* _PROBLEM TO SOLVE_:
Below, find the line containing "Milwaukee M18 FUEL"; from there to the final line, print every line exactly and skip the pictures.
┌─ DATA PROVIDED
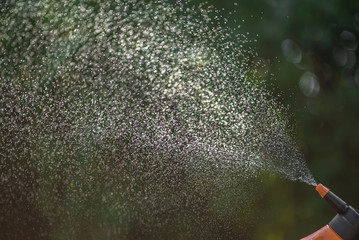 Water droplets spray close up with bokeh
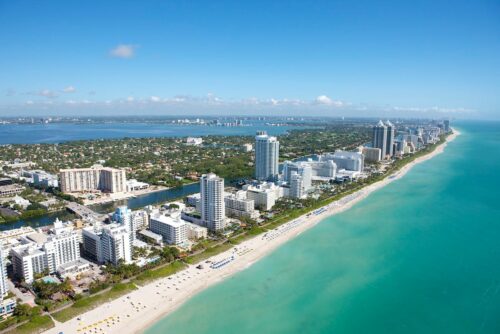 An aerial photo of the beach and the buildings in Miami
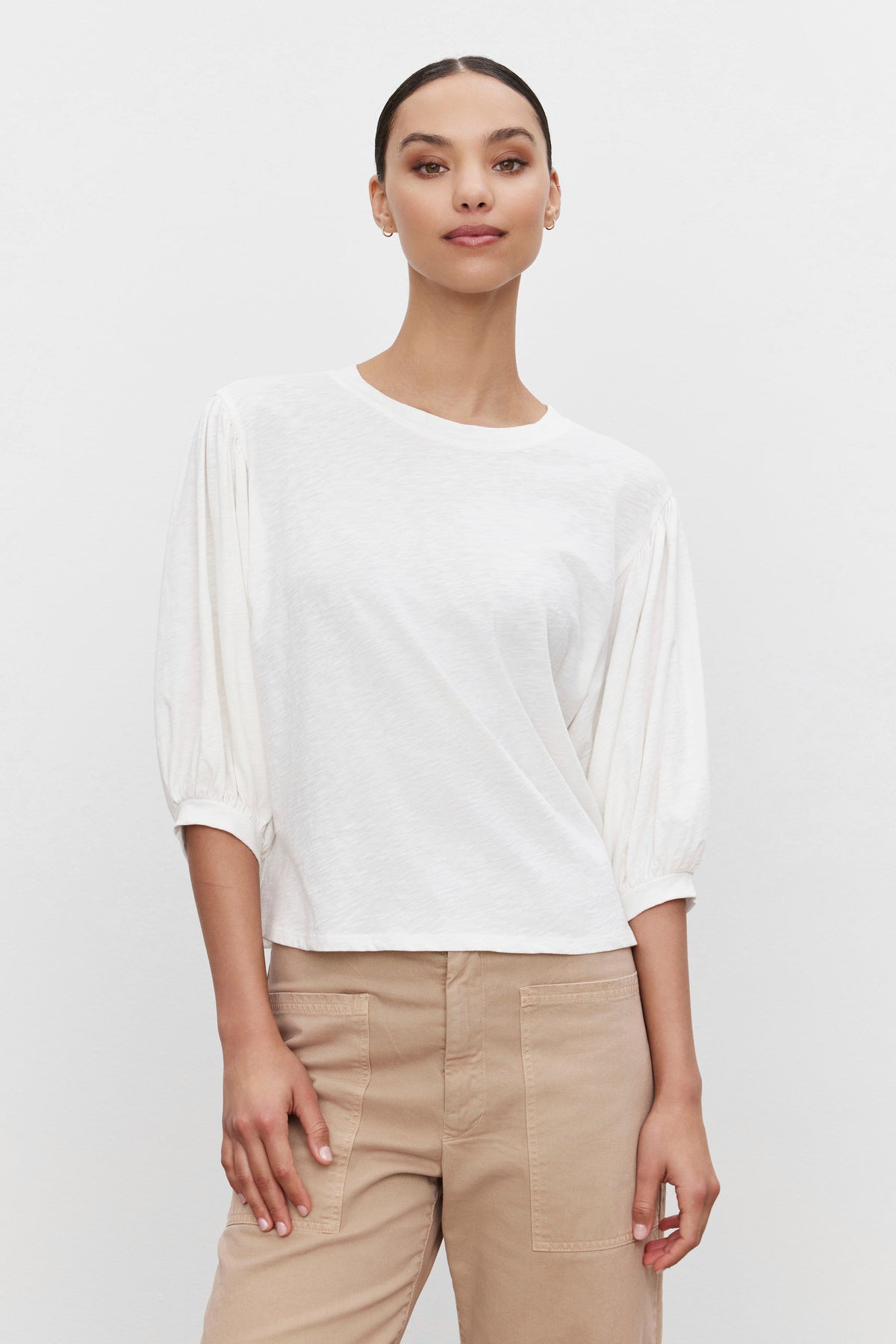   A person stands against a plain white background, wearing the AMARA TEE by Velvet by Graham & Spencer with banded cuffs and beige pants. Their hair is pulled back. 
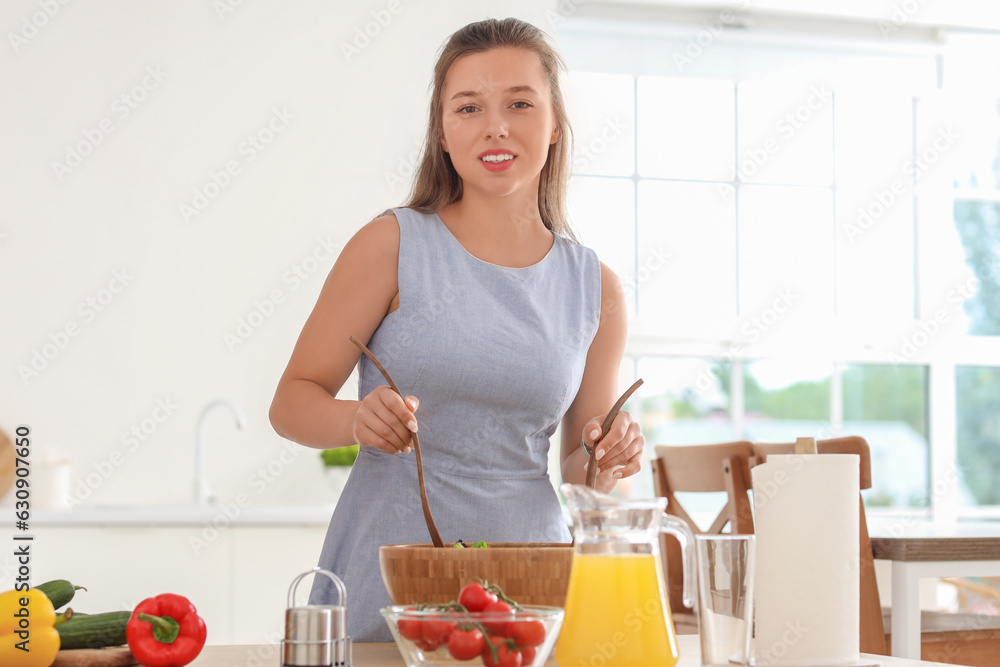 Young woman preparing vegetable salad in kitchen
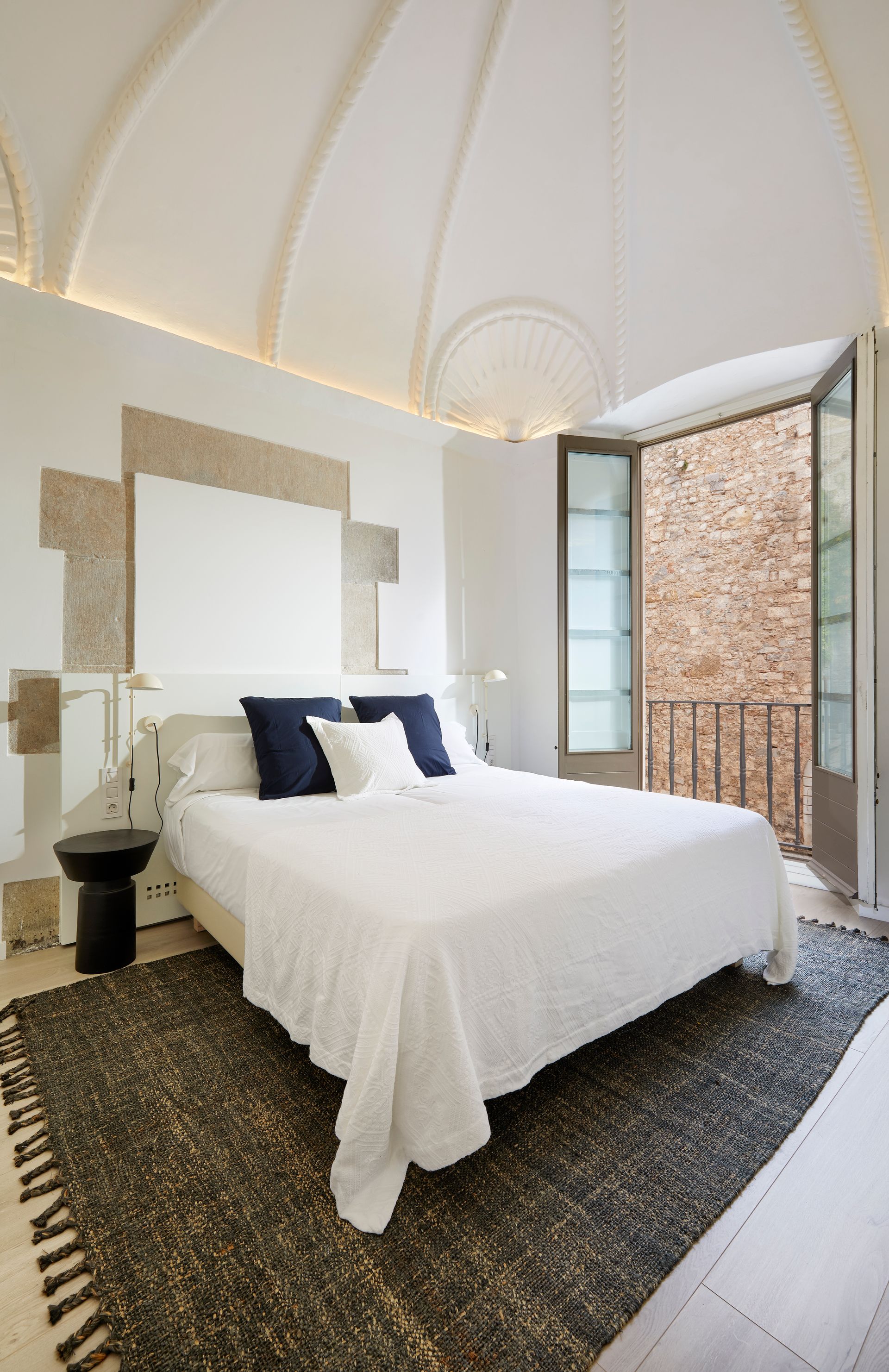 A bedroom with a large bed and a balcony.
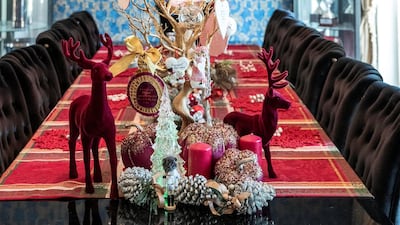 A memory tree and wedding tree sit on the dining table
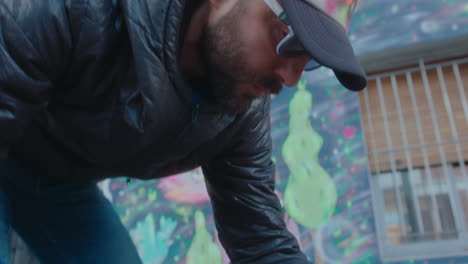 graffiti artist choosing spray paint for drawing on street wall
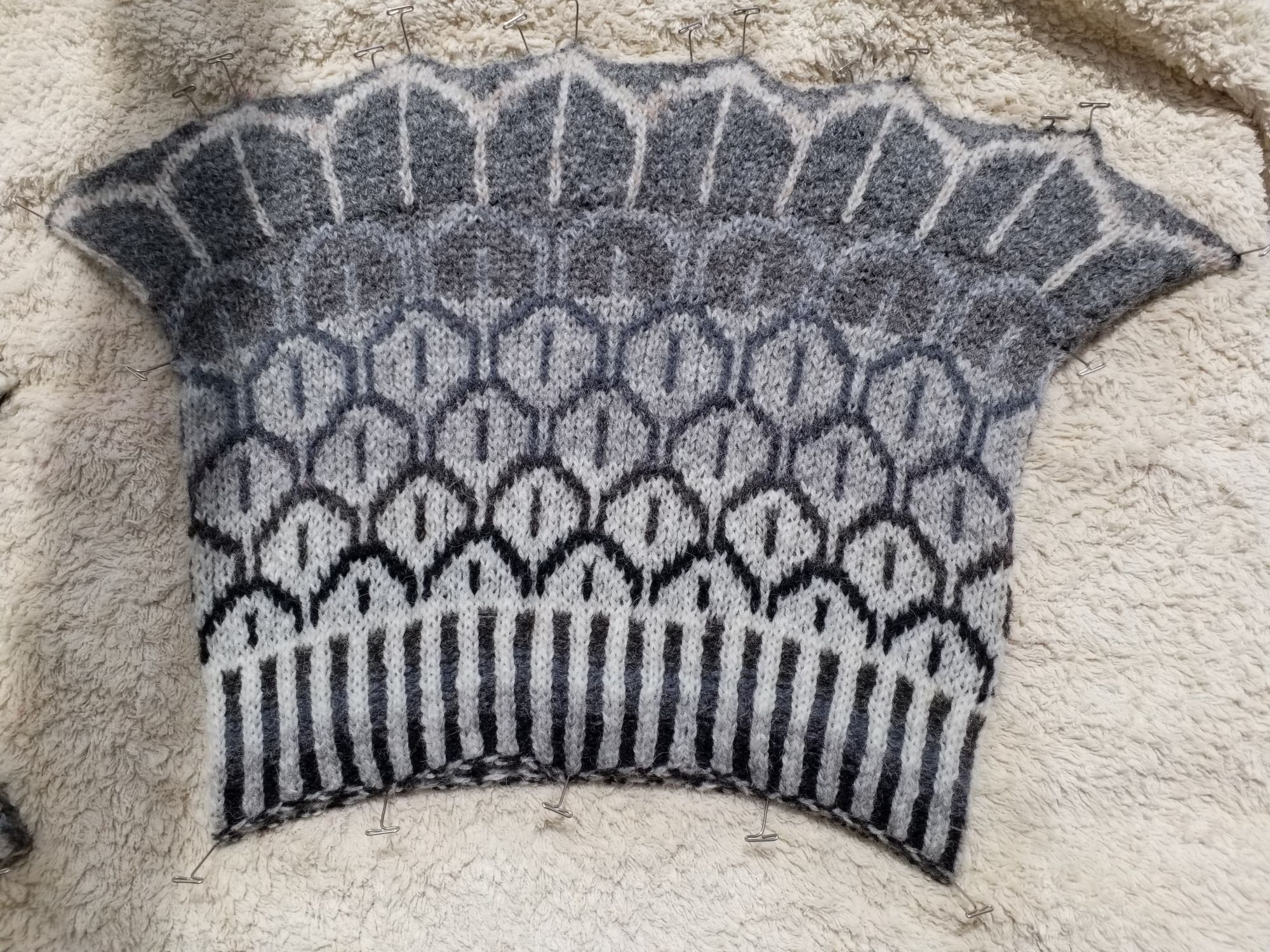 A cowl blocking, featuring a deep corrugated rib and a stylised feather pattern. Worked in shades of grey, the cowl is flared to sit on the shoulders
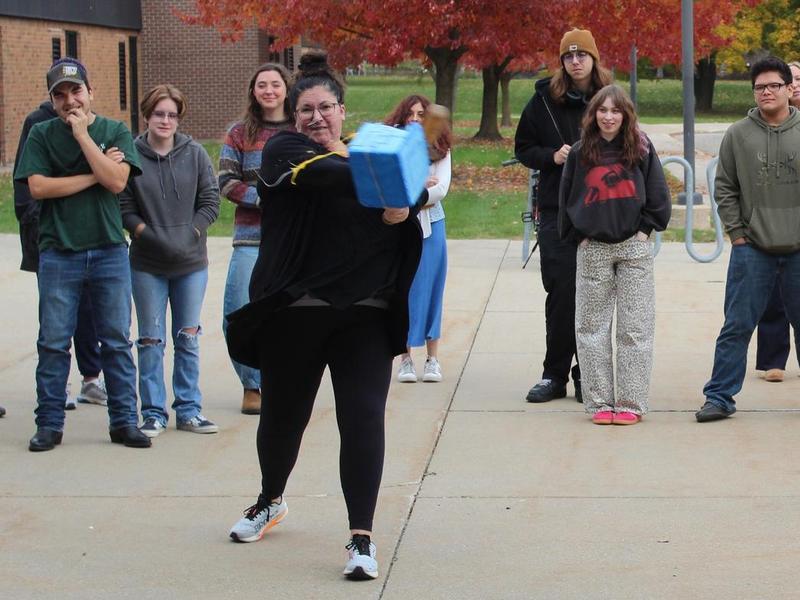 TKHS English teacher Cary Saxton uses the bat as the final challenge for the packages.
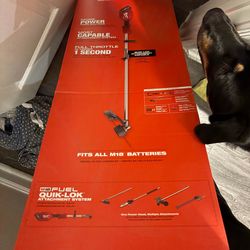 Milwaukee M18 FUEL combo kit 16” string trimmer + blower.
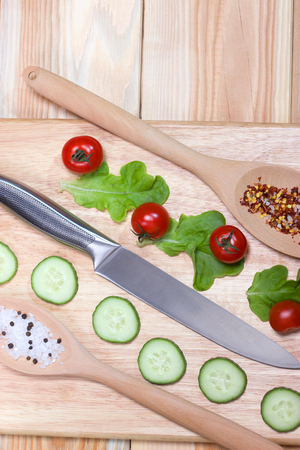 Sliced cucumber,cherry tomatoes, spice on wooden cutting board.Healthy food concept.The process of cookingの写真素材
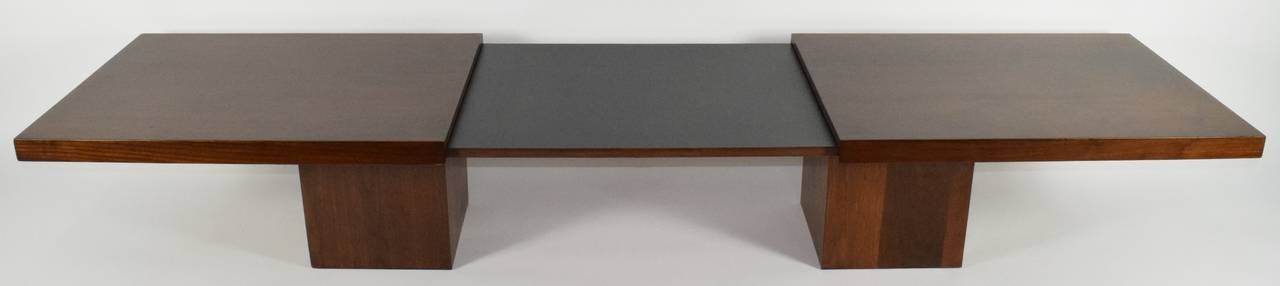 A John Keal designed extendable coffee table, extended measurement 95.25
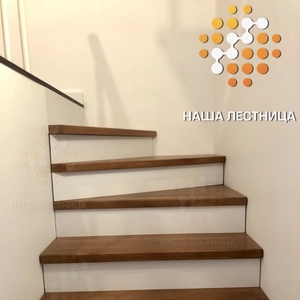 Деревянная лестница на металлическом модульном каркасе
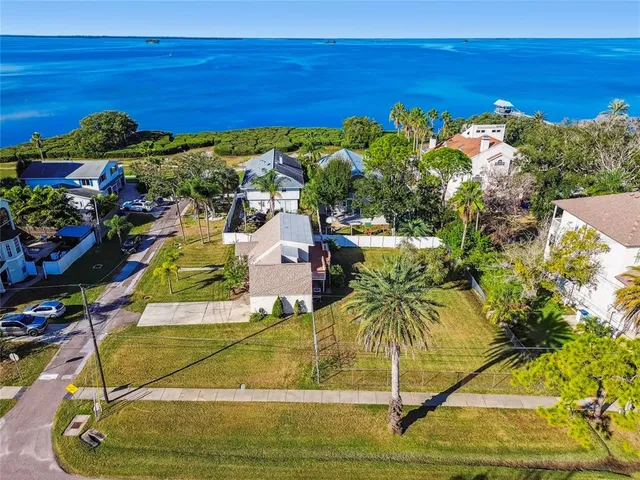 a view of a swimming pool with a table and chairs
└─
* _EXERCISE RESPONSE_:
 Milwaukee M18 FUEL combo kit 16” string trimmer + blower.
 Sliced cucumber,cherry tomatoes, spice on wooden cutting board.Healthy food concept.The process of cookingの写真素材
 A John Keal designed extendable coffee table, extended measurement 95.25
 Деревянная лестница на металлическом модульном каркасе
 a view of a swimming pool with a table and chairs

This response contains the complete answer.